• _What you are asked to do_:
Your answer must be the exact lines from the one with "High Rise 90s Relaxed Jean" to the end of the data, both included, with no pictures.
--- Dataset excerpts Enclosed Below ---
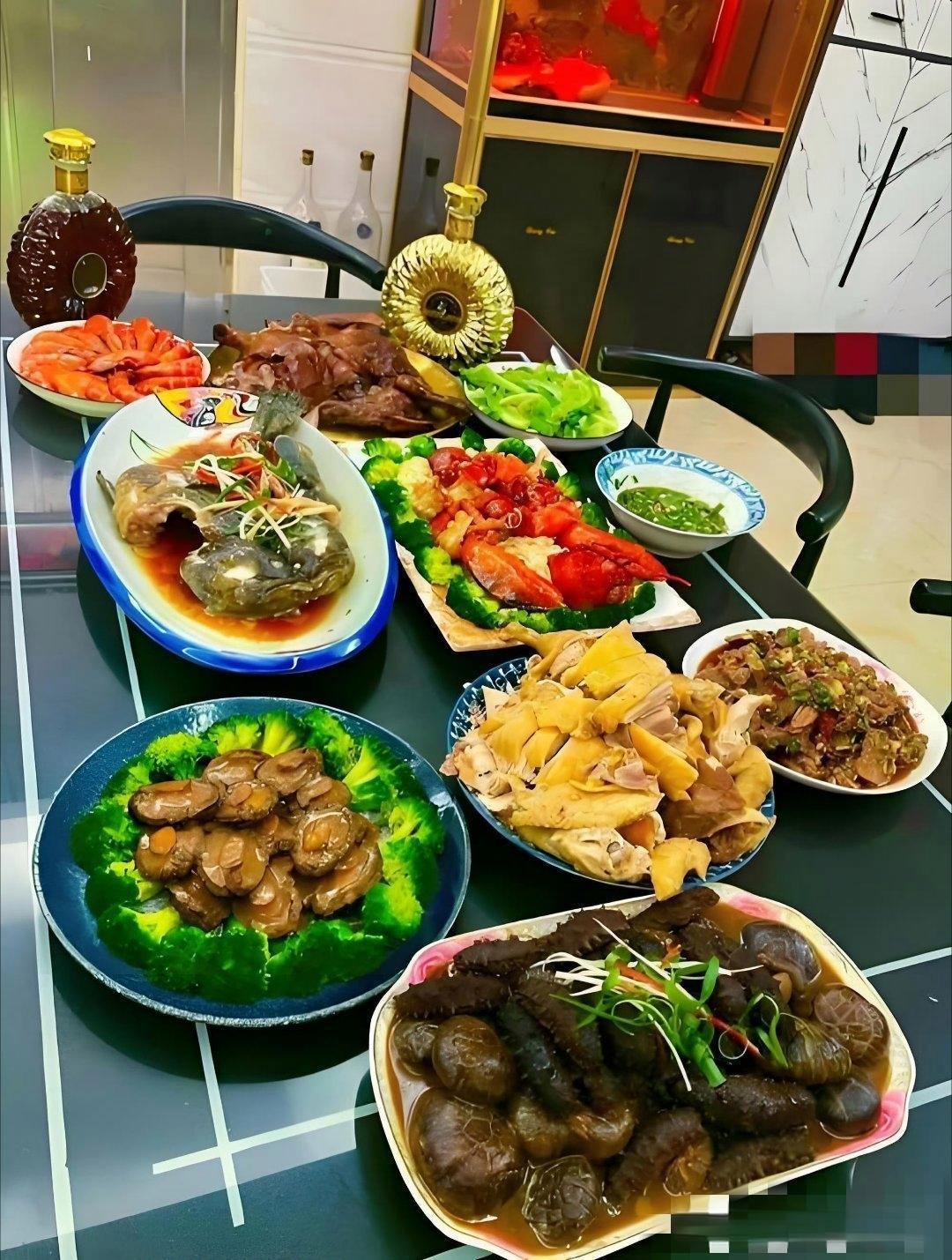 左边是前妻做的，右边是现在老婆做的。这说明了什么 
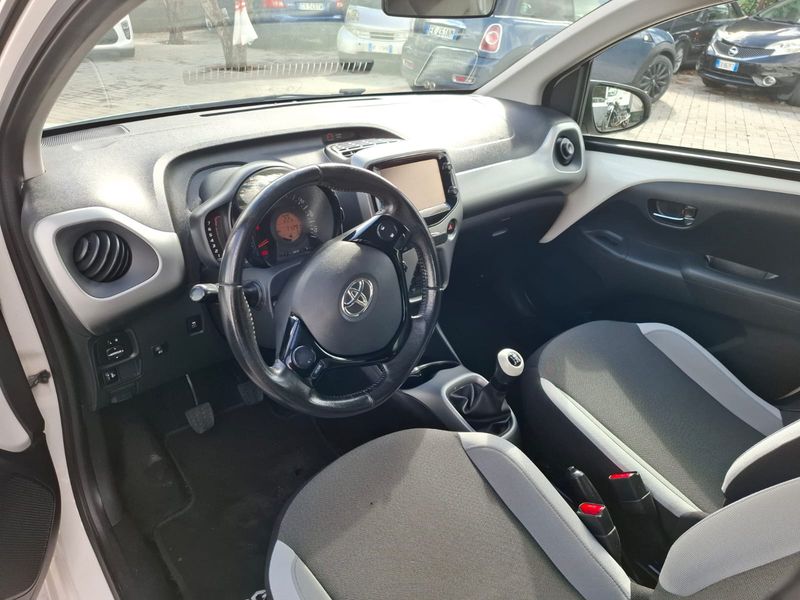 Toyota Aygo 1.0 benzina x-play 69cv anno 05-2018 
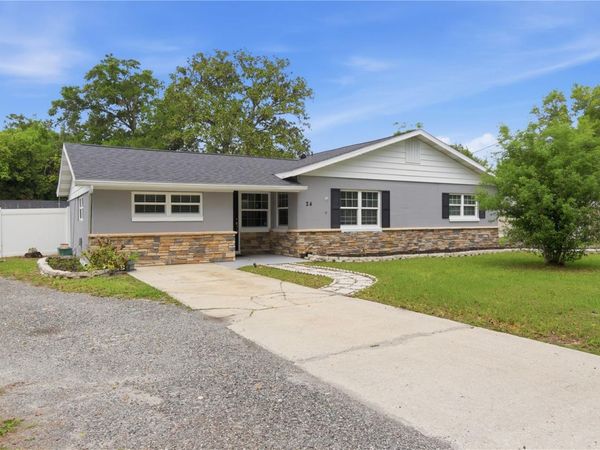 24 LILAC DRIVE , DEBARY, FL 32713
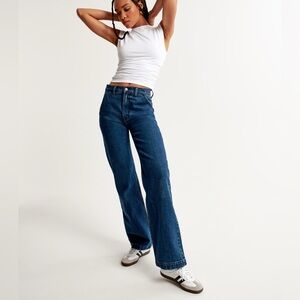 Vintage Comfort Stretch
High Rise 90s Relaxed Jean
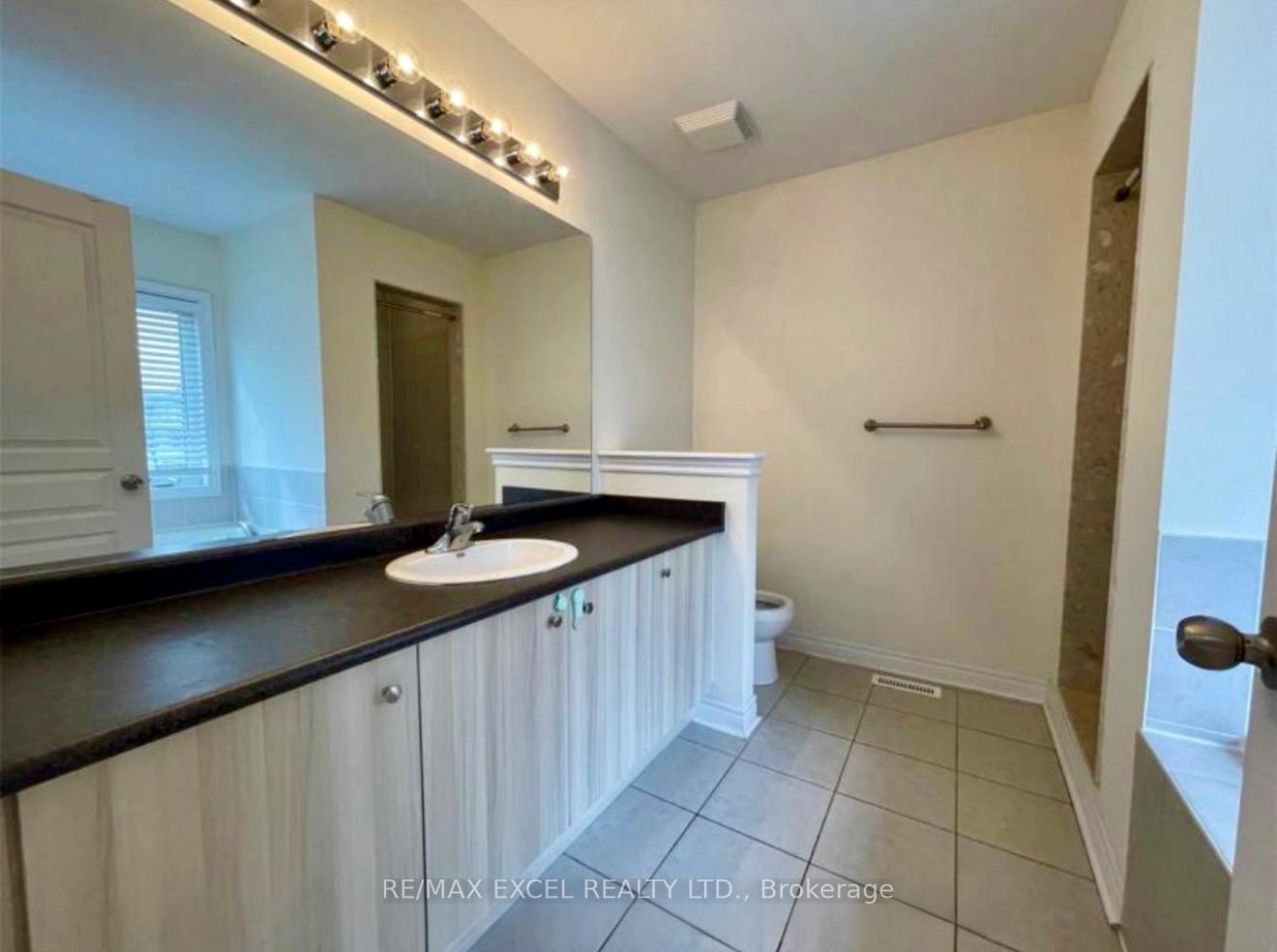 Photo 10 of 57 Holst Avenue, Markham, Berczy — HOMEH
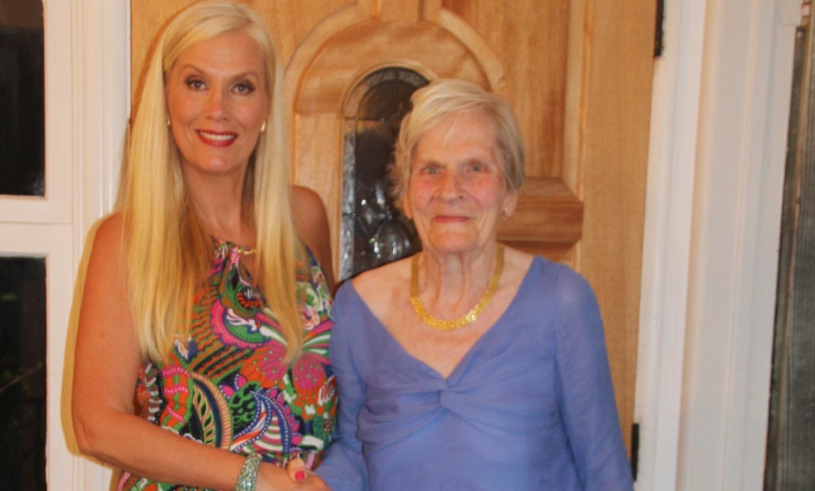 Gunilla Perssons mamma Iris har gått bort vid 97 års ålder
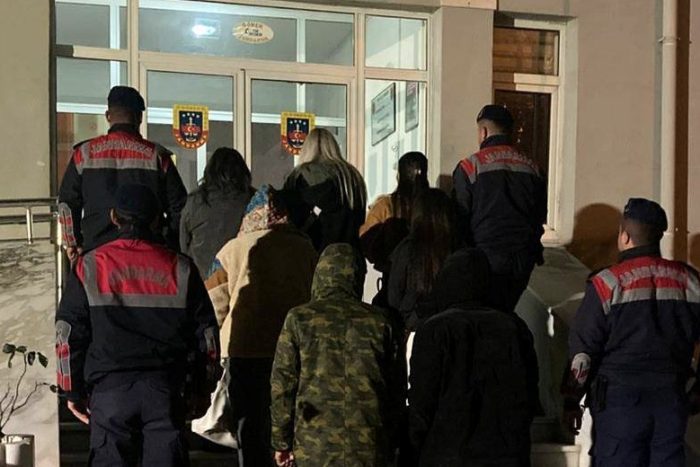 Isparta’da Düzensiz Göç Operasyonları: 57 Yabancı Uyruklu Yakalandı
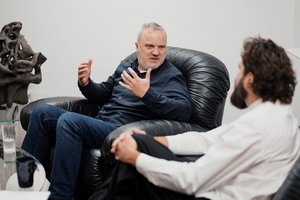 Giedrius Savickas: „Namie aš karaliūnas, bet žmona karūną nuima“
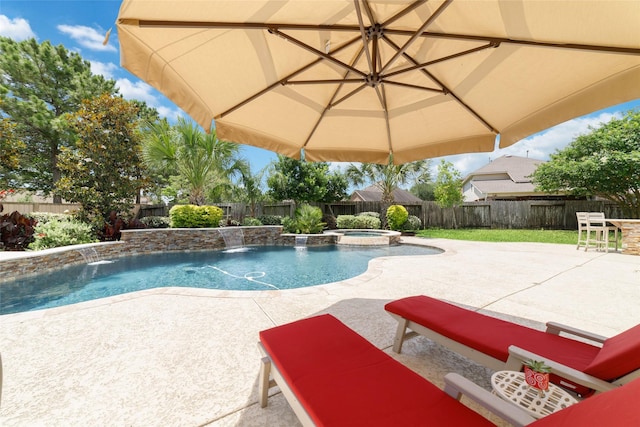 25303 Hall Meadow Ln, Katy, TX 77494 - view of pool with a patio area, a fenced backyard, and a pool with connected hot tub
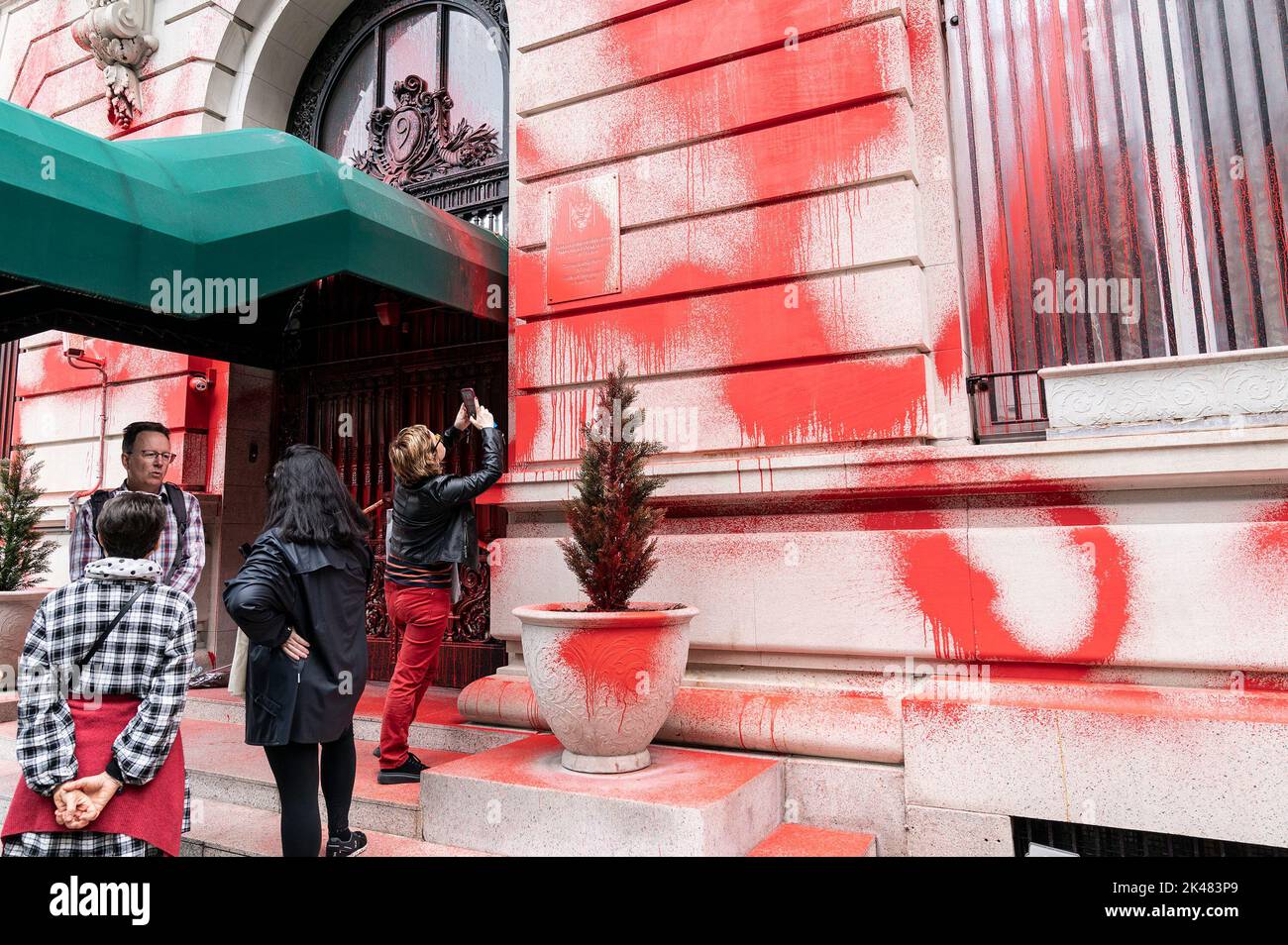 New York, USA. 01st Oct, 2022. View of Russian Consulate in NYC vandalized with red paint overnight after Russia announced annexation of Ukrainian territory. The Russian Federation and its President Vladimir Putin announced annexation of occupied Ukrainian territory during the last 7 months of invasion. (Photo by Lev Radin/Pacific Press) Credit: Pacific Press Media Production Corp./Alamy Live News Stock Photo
--- End of Enclosed Dataset excerpts ---
• _Answer box_:
High Rise 90s Relaxed Jean
 Photo 10 of 57 Holst Avenue, Markham, Berczy — HOMEH
 Gunilla Perssons mamma Iris har gått bort vid 97 års ålder
 Isparta’da Düzensiz Göç Operasyonları: 57 Yabancı Uyruklu Yakalandı
 Giedrius Savickas: „Namie aš karaliūnas, bet žmona karūną nuima“
 25303 Hall Meadow Ln, Katy, TX 77494 - view of pool with a patio area, a fenced backyard, and a pool with connected hot tub
 New York, USA. 01st Oct, 2022. View of Russian Consulate in NYC vandalized with red paint overnight after Russia announced annexation of Ukrainian territory. The Russian Federation and its President Vladimir Putin announced annexation of occupied Ukrainian territory during the last 7 months of invasion. (Photo by Lev Radin/Pacific Press) Credit: Pacific Press Media Production Corp./Alamy Live News Stock Photo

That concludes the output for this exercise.